Funding, false promises were part of Haiti president Jovenel Moïse's killing
Published in News & Features
Haitian businessman Rodolphe “Dodof” Jaar provided more than $150,000 in cash and material support — including housing and semi-automatic weapons — to back the plot that ultimately led to the assassination of his country’s president, Jovenel Moïse, he told a Miami federal jury.
That support included $110,000 in bribes paid to members of the presidential security team — $80,000 to the General Security Unit of the National Palace and $30,000 to the Counter Assault Team — who were responsible for protecting Moïse on the night a squad of Colombian commandos stormed his residence in the hills above Port-au-Prince.
The full sums had not been previously disclosed. They emerged this week as Jaar, a convicted cocaine trafficker who has pleaded guilty in the conspiracy to kill and kidnap Moïse more than four years ago, testified about how he became involved in the scheme that ultimately ended with the 53-year-old head of state shot multiple times in his bedroom and his wife wounded.
Four South Florida men are on trial in federal court in Miami.
“When they contacted me,” Jaar said about the defendants in the case, “they never told me that they were going to kill him.”
Instead, he said he was led to believe that his support would grant him access to the United States and a new Haitian government expected to take power upon Moïse’s removal. He also believed it would offer him protection from Haitian gangs for his import-export business.
Jaar testified that he supplied at least four guns to the group of 20 former Colombian soldiers, who gathered at his mother’s house in Laboule on the night of July 6, 2021 hours before the middle-of-the-night July 7 attack. The sprawling mountaintop house was a 10-minute drive from the president’s residence, he said.
The weapons he provided included an AR-15 and a rifle he had purchased in the United States about 30 years earlier.
According to another government witness, Mario Antonio “Floro” Palacios Palacios, the AR-15 was given to members of a “Delta team” tasked with entering Moïse’s bedroom and killing him. A retired Colombian special forces soldier, Palacios was a member of the five-man team, trained in going after high-value targets.
Assassination plot
Both Palacios, 47, and Jaar have testified that they learned at the last minute of the mission to kill Moïse. Each of them identified James Solages, a Haitian-American handyman and one of the defendants in the Miami case, as a leader of the group in Haiti. Palacios described him as “the boss” who gave the command to go to the president’s house.

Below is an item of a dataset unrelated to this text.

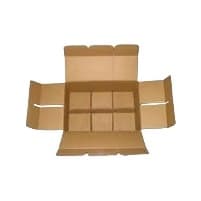 Corrugated Die Punch Box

“Initially, the job was going to be done by an armed group in Haiti,” he said. “But they were not answering their phones, so they gave us the order. We had to do the job they were going to be doing.”
Asked to clarify, Palacios said through a translator: “The job was to assassinate the president of Haiti.”
Palacios and Jaar are among 11 people charged by the U.S. Department of Justice in the assassination plot. Palacios, Jaar and three others have pleaded guilty to the main conspiracy charge and face life sentences. A sixth defendant pleaded guilty to a lesser charge of smuggling ballistic vests to the Colombian commandos hired by Doral-based Counter Terrorist Unit Security, CTU, to execute the hit job, according to court records.
Three of the four men now on trial, including Solages, worked for CTU; the fourth, a Weston mortgage broker, is accused of financing the plot through a line of credit.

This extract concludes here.